Elle vint s’asseoir auprès de la table et cacha ses mains dans les larges manches de sa jaquette de zibeline.

« Du moment que vous l’ordonnez, nous allons jouer, » répondit Soltyk, et il se mit à battre les cartes.

Il se fit immédiatement un profond silence. Soltyk et Tarajewitsch étaient en face l’un de l’autre. Henryka se tenait à côté du second, le bras appuyé sur la table, le haut du corps penché en avant, les yeux grands ouverts et les lèvres toutes tremblantes d’un frémissement nerveux. Dragomira était immobile, et ses yeux froids considéraient avec indifférence les cartes qui tombaient. Ils jouaient au « Onze et demi ». La chance qui, jusqu’alors, n’avait cessé de favoriser Tarajewitsch changea dès la première carte. Il se mit à sourire, perdit encore, continua à sourire et perdit sans arrêter. Enfin, il cessa de sourire, et prit alors la mine d’un homme à qui le gain ou la perte sont tout à fait indifférents. L’or, qui précédemment avait afflué du côté de Tarajewitsch, retourna bientôt à Soltyk. Maintenant Tarajewitsch semblait inquiet. Il ne tarda pas à devenir agité, et le devint de plus en plus, d’autant mieux qu’Henryka, à chaque fois qu’il vidait son verre, le lui remplissait rapidement et sans qu’il s’en aperçût d’un généreux vin de Hongrie. Enfin Tarajewitsch en arriva à ne plus savoir ce qu’il faisait ; ses mises étaient toujours plus fortes, plus audacieuses, plus extravagantes. Il eut bientôt perdu tout ce qu’il avait gagné. Il joua encore un coup, puis encore un, et son propre argent passa en la possession de Soltyk. Tarajewitsch, le visage rouge, enflammé et l’œil vitreux, se renversa sur le dossier de sa chaise et enfonça ses mains dans ses poches.

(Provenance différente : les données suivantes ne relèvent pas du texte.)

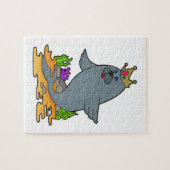 Siegel als König mit Krone Puzzle (Horizontal)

« Tu ne veux plus continuer à jouer ? demanda Soltyk froidement.

— Quelle question ? Je n’ai plus rien. Tu m’as complètement dévalisé.

— Tu peux naturellement jouer sur parole avec moi.

— Je l’espère, dit Tarajewitsch. Alors je joue mon attelage de quatre chevaux. Au plus bas prix, il vaut bien cinq cents ducats. L’acceptes-tu pour cette somme ?

— Je le prends pour mille ducats, répondit Soltyk, et il donna les cartes.

— Les dames sont témoins, » dit Tarajewitsch.

Il y eut un moment d’attente où l’on ne respirait plus. Le coup fut joué. Tarajewitsch perdit encore.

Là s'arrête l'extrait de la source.